Friday, July 17, 2009

Insanity.


Once again i slept till two in the afternoon. Only to wake up being extremely angry about the matter. I have to start getting up, even if i don't have plans for the day. It is such a waste of my life. The funny thing is that i tell myself when i wake up in the morning that i really don't have anything to do, so i go back to sleep. When i actually have many things to do. I still haven't finished my two books, nor have i finished various art projects that i have started. And my room is a shambles. It is so much more pleasant when my room is nice.
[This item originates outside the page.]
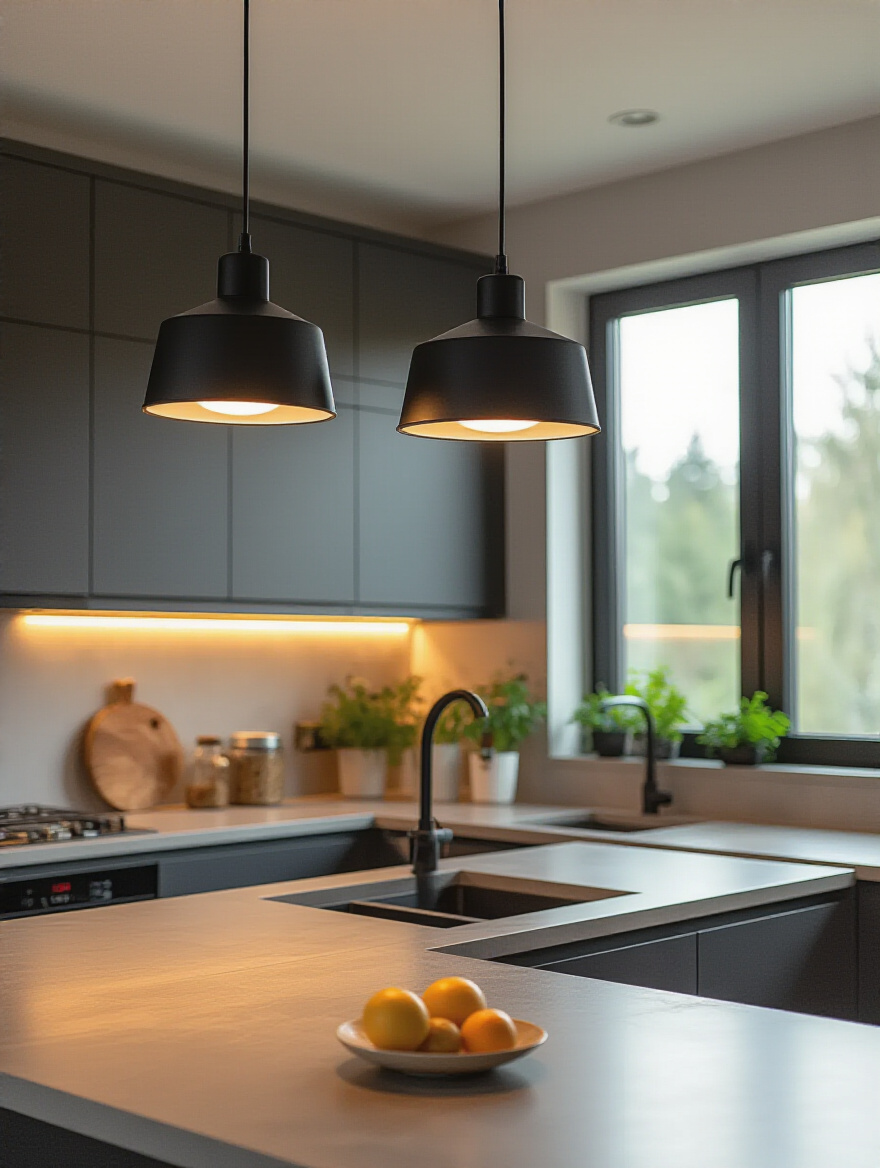 Modern kitchen with new matte black pendant lights and LED flush mount fixtures, bright and warm ambiance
I actually want to spend time in there when it is all tidy and smelling clean.

It is silly though, i have said so many times that "Tomorrow! tomorrow i will wake up early"
But it never happens. I need someone to stand at the side of my bed and poke me with a stick until i wake up. And then i will go out and buy the cheap flowers and have the cheap breakfast that i said i was going have every single day for the last 4 weeks. It would be very nice to see morning light again. There is nothing more depressing than waking up when the sun has already started to descend for the day.

So now Siahne, you begin setting this into a habit. Apparently it takes 21 times of putting your desired habit into practise for it to actually become that. So tomorrow will be practise number one! And if i fail, then a slap on the wrist only sounds reasonable.

Despite my sheer frustration of sleeping the day away, my afternoon was lovely. My neighbour Jess invited myself and my housemate Grah over for cake and tea. So i quickly got changed and made my way out the back door and to the door next to me ha. Her house is lovely. She has cut out pieces of paper and formed a picture of a tree in her dining room, which is where we sat and had her home made cherry tea cake and scones. It was Delicious! Although i was and still am so distracted by her little black and white kitten named Henry that i probably could've been eating cardboard and still have been happy. But really, that cake was amazing. And so was the owl tea pot cosy.

But like all days, they end. I am left with a very homely feeling and i really like it. I've been thinking i may go and bake a cake now for my friend Austin because he is feeling a little down. It won't be as good as the delights I've had today but hey, a gal's gotta try!